Dün İstanbul’da bir hovardalık yapalım dedik. Havanın değişiklik arz ettiği bir ortamda gerekli mevsimsel giysilerimizle, Suadiye Tren İstasyonu’ndan trene binip, Halkalı İstasyonu’na kadar gitmeyi planladık. 2020 senesinin ilk haftalarında böyle bir gezintinin insana morain l vereceğini düşündük.
Anadolu’ya gelen Türklerin kültürlerini de beraber getirdikleri doğrudur. Ancak göçebe kavimlerin yemek kültürleri genelde av eti ağırlıklı olduğundan, yerleşik düzene geçişlerinde yörelerin yemek kültürlerine uyum sağlamışlardır. Anadolu’da bir çok şehrin kendine has yemekleri vardır. Hatta o yemekler, o şehirlerle anılır.
Her ne kadar aynı şiş köfte olsa da içindeki baharat yoğunluğu ile birbirinden ayrı olan bir Urfa bir de Adana kebabı vardır. Her iki kebap da aynı olsa da lezzetleri değişiktir. Gaziantep’in anıldığı hem yemekler hem de tatlılar vardır, Kayseri ise pastırma ve mantı ile anılır. Konya, tandır ve etli ekmek, Kastamonu değişik bir pidesi, Ordu kapalı kıymalı pidesi ile bilinir. Sürmene’de yapılan tereyağlı pide yörenin adı ile anılır. Türkiye’nin her bir köşesinde yemeği ile anılan yerleşim yerleri vardır. Örneğin Nevşehir ve çevresindeki bütün kasabalarda çömlek kebabı yapılır, çünkü çömlek de bu yörede üretilir. İzmir’de yapılan sebzeli tepsi köftesine, İzmir köftesi denir. Her şehrin yemek kültürünü yazmaya kalksak, sayfalar yetmez.
Ancak İstanbul ile anılan bir yemek kültürünü bulmakta zorlanmaktayım.

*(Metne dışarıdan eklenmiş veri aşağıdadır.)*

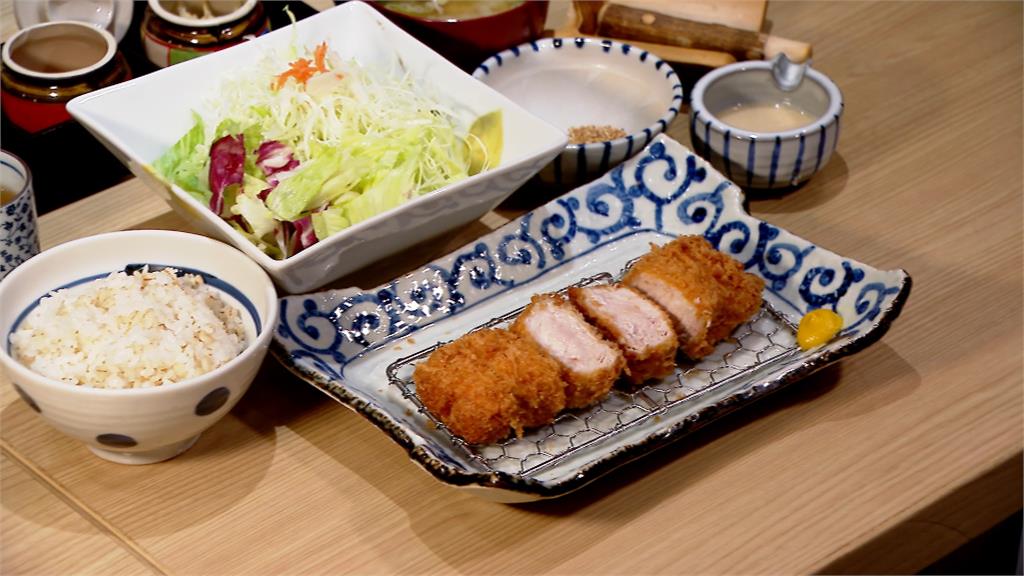 豬排不炸到全白能吃嗎？　日式品牌推「粉紅豬排」　低溫慢炸成關鍵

Osmanlı Saray’ında asırlarca çeşitli yemekler üretilmiş, mesela hünkâr beğendi, dörüzziyafe köftesi, fodula yemeği, mutancana yemeği ve mahmudiye güveci gibi yemeklerin arasında hiç İstanbul adına bir yemek bulunmamakta.
İstanbul’un Anadolu yakasından trene binip, Avrupa yakasına kadar trenden hiç inmeden seyahat etmenin bir ayrıcalık olduğunu düşünmekteyim. İstanbul’un, Osmanlı Devleti döneminde asırlarca olduğu gibi, Türkiye Cumhuriyeti Devleti’nde bir şehir için en fazla para harcanan kent olduğunu düşünmekteyim. Türkiye’de başka hiçbir şehre bu kadar para harcanmamış ve harcanmamaktadır.

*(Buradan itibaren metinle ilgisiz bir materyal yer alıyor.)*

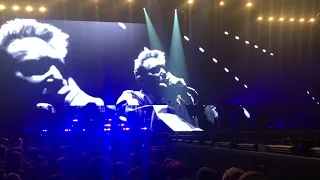 David Guetta Playing a (UNRELEASED) song for Avicii (Avicii tribute concert)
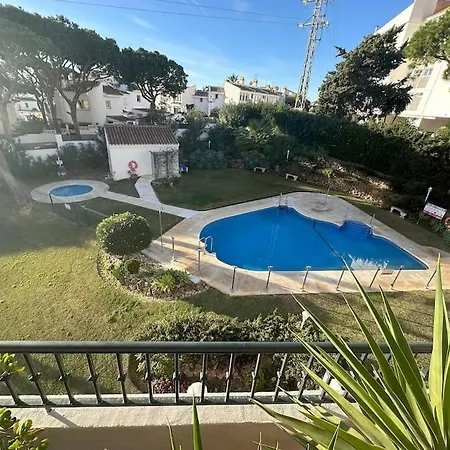 Rooftop Oasis At Ocean Point Calahonda - Just Few Steps Away From The Beach, Restaurants & Shops *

Köprüler, tüneller, metrolar, yollar, havaalanları gibi büyük yatırımlar hep İstanbul’a yapılmış ve yapılmakta. Senelik Türkiye Devlet bütçesi ile İstanbul Belediyesi’nin bütçesini karşılaştırırsak ne kadar hacimli bir bütçe harcamasından bahsetmekte olduğumuzu anlarız. 2020 yılı için Türkiye bütçesi yaklaşık 974 milyar lira, İstanbul’un 2020 bütçesi 25 milyar liradır. Her ne kadar bu değeri kabul etsek de, unutmamak gerekir ki Büyük Şehir Belediyesinin 67 milyar liralık bir borç takanağı vardır.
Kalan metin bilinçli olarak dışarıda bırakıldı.